5.4 Enforcement. We reserve the right (but have no obligation) to review any User Content, investigate, and/or take appropriate action against you in our sole discretion if you violate the Acceptable Use Policy or any other provision of this Agreement or otherwise create liability for us or any other person. Such acts may include removing or modifying your User Content, terminating your Account in accordance with this Agreement and/or reporting you to law enforcement authorities.
5.5 Feedback. If you provide us any feedback or suggestions regarding the Services (“Feedback”), you hereby assign to us all rights in the Feedback and agree that we will have the right to use such Feedback and related information in any manner we deem appropriate. We will treat any Feedback you provide to us as non-confidential and non-proprietary. You agree that you will not submit to us any information or ideas that you consider to be confidential or proprietary.
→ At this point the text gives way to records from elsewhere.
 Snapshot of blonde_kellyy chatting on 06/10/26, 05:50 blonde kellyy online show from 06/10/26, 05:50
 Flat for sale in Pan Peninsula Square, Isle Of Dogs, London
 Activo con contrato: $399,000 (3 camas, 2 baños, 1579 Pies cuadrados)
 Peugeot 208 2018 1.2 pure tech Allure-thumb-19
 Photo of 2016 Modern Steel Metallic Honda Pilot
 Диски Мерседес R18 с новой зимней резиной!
6. INDEMNITY. You agree to indemnify and hold us (and our officers, employees, and agents) harmless, including costs and attorneys’ fees, from any claim or demand made by any third party due to or arising out of: (a) your use of the Services, (b) your User Content, (c) your violation of this Agreement or (d) your violation of applicable laws or regulations. We reserve the right, at your expense, to assume the exclusive defense and control of any matter for which you are required to indemnify us and you agree to cooperate with our defense of these claims. You agree not to settle any matter without our prior written consent. We will use reasonable efforts to notify you of any such claim, action or proceeding upon becoming aware of it.
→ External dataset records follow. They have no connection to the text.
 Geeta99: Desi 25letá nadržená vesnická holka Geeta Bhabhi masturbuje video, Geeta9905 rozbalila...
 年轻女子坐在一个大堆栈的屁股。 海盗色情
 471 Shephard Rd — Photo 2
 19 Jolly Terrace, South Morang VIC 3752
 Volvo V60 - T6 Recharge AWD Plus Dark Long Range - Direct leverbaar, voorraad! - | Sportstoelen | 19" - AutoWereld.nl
7. THIRD PARTY SITES, ADVERTISING AND OTHER USERS.
7.1 Third Party Sites, Ads and Ad Networks. The Site might contain links to third party websites, services, and advertisements for third parties (collectively, “Third Party Sites & Ads”). Such Third Party Sites & Ads are not under our control and we are not responsible for any Third Party Sites & Ads. We provide these Third Party Sites & Ads only as a convenience and do not review, approve, monitor, endorse, warrant, or make any representations with respect to Third Party Sites & Ads. You use all Third Party Sites & Ads at your own risk. When you link to a Third Party Site & Ad, the applicable third party’s terms and policies apply, including the third party’s privacy and data gathering practices. You should make whatever investigation you feel necessary or appropriate before proceeding with any transaction in connection with such Third Party Sites & Ads. We may also work with advertising partners that may deliver advertisements to you on or off our Site based on your activities on the Site or within the Services, including your User Content.
7.2 Other Users. Each Service user is solely responsible for any and all of his or her User Content. Because we do not control User Content, you acknowledge and agree that we are not responsible for any User Content and we make no guarantees regarding the accuracy, currency, suitability, or quality of any User Content, and we assume no responsibility for any User Content. Your interactions with other Site or Service users are solely between you and such user. You agree that we will not be responsible for any loss or damage incurred as the result of any such interactions. If there is a dispute between you and any other Service user, we are under no obligation to become involved.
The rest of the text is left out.